My personal hero in the film has always been the anonymous sanitation man, who cleans out the port-o-johnnies on the last day, once the traffic starts to flow again. In his short interview he explains that he has one son there at the concert and another in Vietnam, and he makes no judgment over either of them - which was a rare quality in a man at that particular time and place in history. He’s the truest American in the whole place. Every time I see the film I wonder what happened to him and his family.

For all of the hippy-dippy hype of Woodstock, the end of the dream was the disastrous Altamont Free Concert, December 9th, 1969, where the Rolling Stones decided to put the Hell’s Angels in charge of security and paid them in beer and LSD. Bad acid flooded the concert, and as Altamont was a speedway, there were plenty of old tires around to make bonfires, which filled the air with black, noxious fumes. Jerry Garcia later described the scene as being a nice little day in hell. After the Angels knocked out Marty Balin of Jefferson Airplace during their set, they ended with a grand fanale of beating a guy to death and not allowing medical attention to get to him. While the guy did have a gun, the Angels decided to be judge and jury over his fate. Keith Richards’ Nazi Jacket was left behind in the chaos.

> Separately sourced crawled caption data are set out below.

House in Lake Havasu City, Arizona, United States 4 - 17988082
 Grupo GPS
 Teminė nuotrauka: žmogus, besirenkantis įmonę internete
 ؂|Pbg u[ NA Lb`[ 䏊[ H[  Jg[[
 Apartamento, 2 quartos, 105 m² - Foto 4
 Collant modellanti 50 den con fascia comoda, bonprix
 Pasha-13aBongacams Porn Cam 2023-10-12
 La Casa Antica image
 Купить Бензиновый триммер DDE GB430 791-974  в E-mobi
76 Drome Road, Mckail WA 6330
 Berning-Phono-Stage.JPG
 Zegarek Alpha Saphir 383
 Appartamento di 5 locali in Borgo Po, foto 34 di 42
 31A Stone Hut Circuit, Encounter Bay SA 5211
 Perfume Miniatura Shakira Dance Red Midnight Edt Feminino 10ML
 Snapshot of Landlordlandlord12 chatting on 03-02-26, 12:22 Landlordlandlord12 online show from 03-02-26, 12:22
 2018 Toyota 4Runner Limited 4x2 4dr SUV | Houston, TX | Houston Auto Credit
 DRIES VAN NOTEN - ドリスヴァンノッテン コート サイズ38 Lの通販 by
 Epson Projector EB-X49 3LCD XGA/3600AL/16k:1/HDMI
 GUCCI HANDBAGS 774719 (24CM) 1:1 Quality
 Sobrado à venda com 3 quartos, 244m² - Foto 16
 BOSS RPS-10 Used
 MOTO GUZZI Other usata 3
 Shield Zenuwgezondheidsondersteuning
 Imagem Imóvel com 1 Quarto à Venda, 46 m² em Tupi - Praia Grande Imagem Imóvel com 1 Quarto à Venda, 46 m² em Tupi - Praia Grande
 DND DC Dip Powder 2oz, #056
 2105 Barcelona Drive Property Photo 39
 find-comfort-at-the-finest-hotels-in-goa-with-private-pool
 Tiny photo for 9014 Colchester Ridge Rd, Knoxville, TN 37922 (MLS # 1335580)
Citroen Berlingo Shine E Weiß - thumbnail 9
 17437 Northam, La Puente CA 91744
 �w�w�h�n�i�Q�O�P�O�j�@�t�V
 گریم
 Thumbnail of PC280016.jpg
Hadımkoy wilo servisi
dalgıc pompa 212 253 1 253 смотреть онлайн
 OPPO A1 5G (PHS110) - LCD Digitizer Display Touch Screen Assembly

The event was filmed by the Maysles Brothers, who had earlier filmed “What’s Happening! The Beatles in America” (later retitled “The Beatles: The First U.S. Visit”). The documentary, “Gimme Shelter,” captured all of the madness; the naked fat woman freaking out on acid, the Angels driving through the crowd on their convoy of motorcycles, the guy freaking out on acid on stage next to Mick Jagger, and the tears in the audiences’ eyes as they shake their heads at The Stones in a vain attempt to convey the tragedy taking place just a few feet away.

Rock festivals have continued, usually without the hoopla that accompanied these three major events in the 1960s, and they have become much more “civil” (I.e.- expenseive.) It’s almost a rite of passage, to be stuck someplace you hate listening to the music you love.

While we’re on the subject, let me point out, once again, that Spinal Tap is not a real band, but what does that make The Monkees?